All kinds of assets and property given as a gift are subject to gift tax – not only money but also securities, fund units, shares in a housing company, real estate, cars, animals and valuables.

Maximum values of tax-exempt gifts

Your gifts are not subject to tax as long as the total value of gifts given to the same person in the course of 3 years does not exceed €5,000.

Example: Parents give money to their child. Each parent gives a cash gift of €4,999 on 1 January 2021. The next time either of them can give gifts worth €4,999 to the same child without gift tax liability is 1 January 2024.
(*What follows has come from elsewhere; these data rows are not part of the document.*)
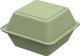 Box "ToGo" Burgerbox "ToGo" ()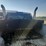 2003-dodge-ram-3500-4x4-4-door-truck-image-25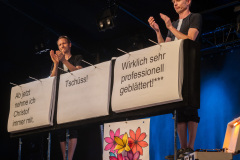 2026-06-RHI_7593-by-Ralf-Hinz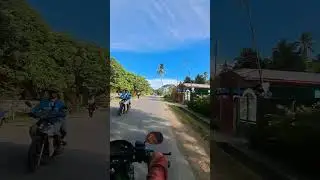 Another Road Trip,part2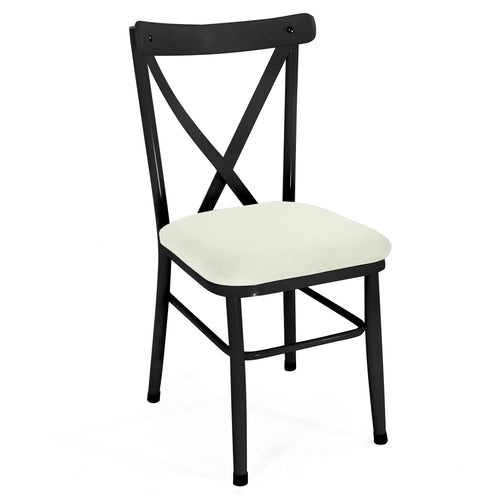 Scaun THONET, Opțiuni culoare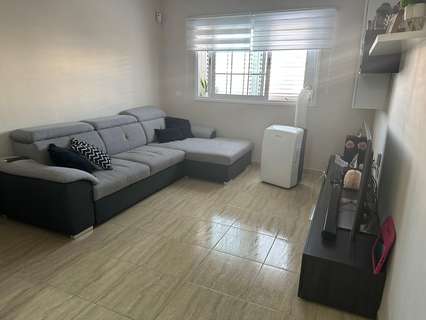 Piso en venta en San Miguel de Abona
If no gift tax is imposed, the gift recipient does not have to file a return unless so requested by the Tax Administration.

If you make a gift of household effects or donate for purposes of education, upbringing and maintenance of the gift recipient, your gift may be exempted from tax.
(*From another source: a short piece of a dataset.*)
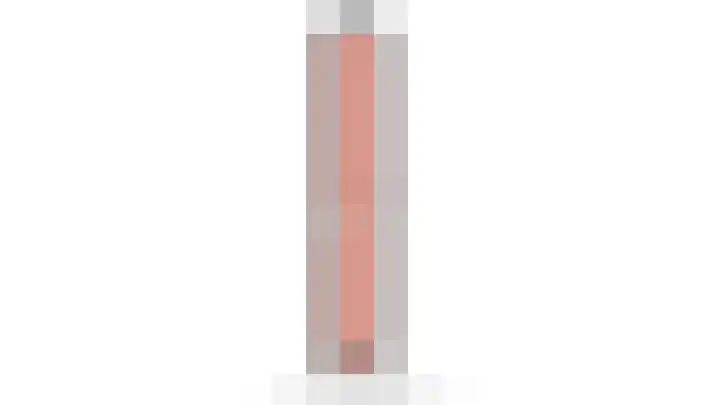 Diphoorn 7 Diphoorn thumbnail 61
When is gift tax due for payment?

1) Gift worth €5,000 or more

You must file a gift tax return and pay gift tax if you receive a gift worth €5,000 or more.

Instructions for filing and payment

2) Several gifts in the course of 3 years with total worth €5,000 or more

The gifts you receive within a period of 3 years from the same donor are added up even if they represent different types of assets and property, such as cash and securities.

When you receive several gifts from the same donor in the course of 3 years, the value of a new gift is added to that of the previous gift(s). The basis for our assessment of gift tax is the total value of the gifts. However, if you have already paid gift tax on a previous gift, we will take that into consideration when assessing the new gift tax.

When the total value of the gifts is €5,000 or more, you must complete a gift tax return to inform the Tax Administration of all the gifts you have received in the course of 3 years, even if the value of an individual gift is below the taxable limit. You must file a gift tax return within three months of the date on which the total value of the gifts has reached the €5,000 limit.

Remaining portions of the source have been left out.